After consumer proposal annulled

I have a 36-month consumer proposal ($700 per month payment) and I completed 28 months. Now the consumer proposal is annulled because of 3 missing payments. But I do not plan to go bankruptcy because of my surplus income and 21-month-long bankruptcy(the initial debt for this CP is about $30,000).

What will be the best way to solve this the annulment of my CP:

1. May I get court/judge approval to make a new consumer proposal (for the same creditors) and offer the creditors a better repayment? Do I have to work with the same trustee who did this CP to make this new consumer proposal, or May I choose other trustees to work this new proposal for these creditors?

2. During the past 28 months of this 36-month CP, I onced borrowed some payday loans and they are still outstanding, if I work with a trustee to make a new proposal, can I include all the debts (the old creditors in 36-Month-CP and the new payday loans creditors? Again, do I have to work with the same trustee or may I choose another trustee to fix all my money troubles (annulment of 36-month-CP + new payday loans)?

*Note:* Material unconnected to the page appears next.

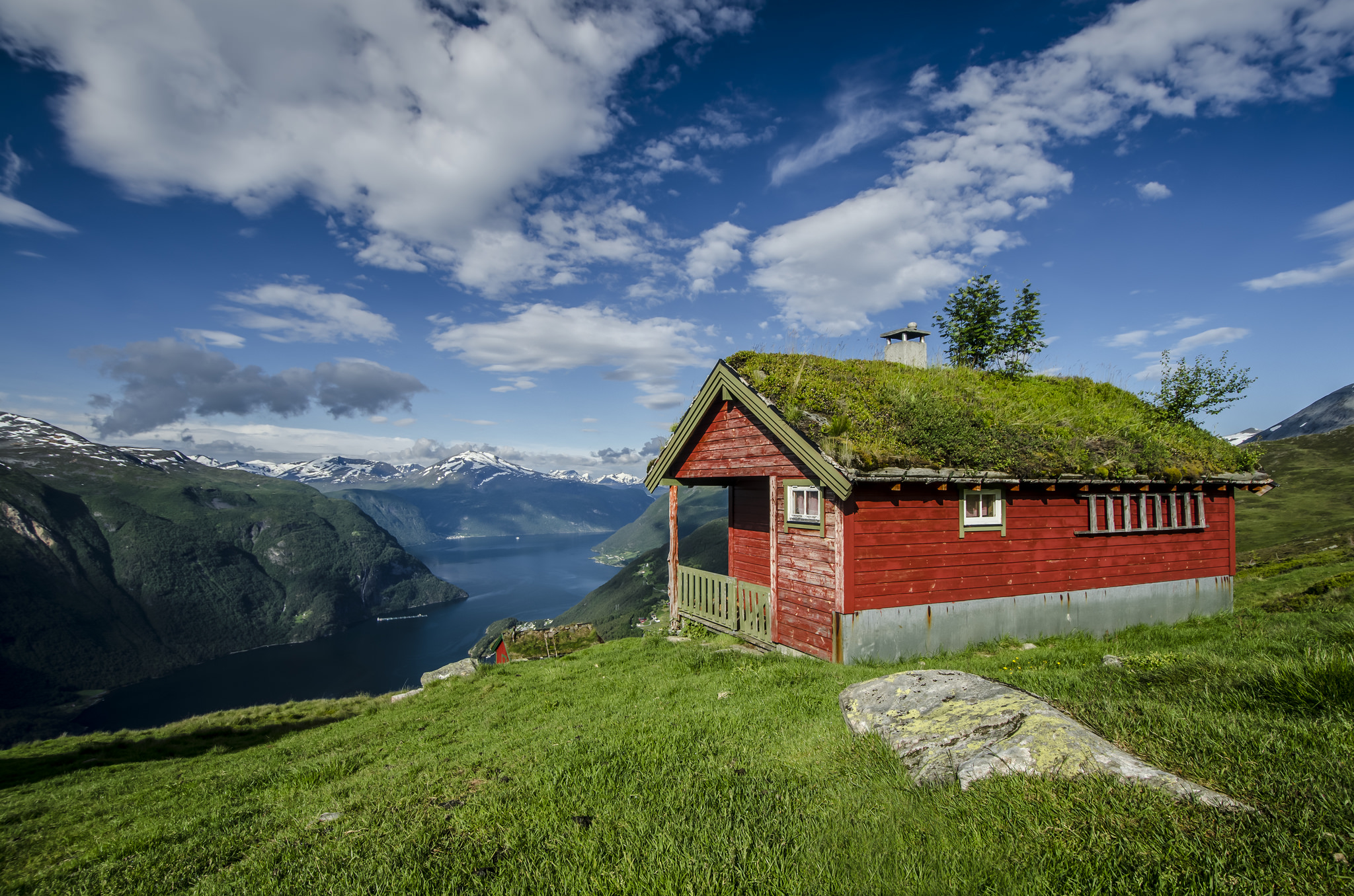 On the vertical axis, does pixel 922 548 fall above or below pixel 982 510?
below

3. In addition, I have $2000 student loans. When the 36-Month-CP was signed, the student loan was not allowed in CP. Now, I am 10 years out of school, may I also put this student loan debt into a new consumer proposal?

Posted from: Ontario

One Response to “After consumer proposal annulled”

Barton Goth – Goth & Company Inc. -Trustee in Bankruptcy said...

The first option when a consumer proposal is annulled is your trustee can send a notification of revival within 30 days of the default. This is a new measure that was implemented back on September 18, 2009. But for your trustee to do this you must satisfy them that this was a temporary glitch and you have every ability to meet the terms as required.

If the 30 days has expired, I have seen a second proposal done to finish off the first, but this was prior to the revival rules that are now in place so it is questionable if the courts would entertain this. Regardless, this is very rare, is at the discretion of the court, and you would have to deal with your original trustee.

If those don’t work you are right that you can offer as second proposal offering a greater repayment than the first. However, this can’t be run as a consumer proposal as you are ineligible to make a second consumer proposal without court permission. So you can run the proposal as a Division I and in this case technically you could pick any trustee, although I would recommend using the same trustee as it will make things easier. This is also the only scenario where your student loans and the new payday loans could be included.

But you are best to review this with your trustee as the options can be dependent on the specifics of when you defaulted, when your proposal was filed etc.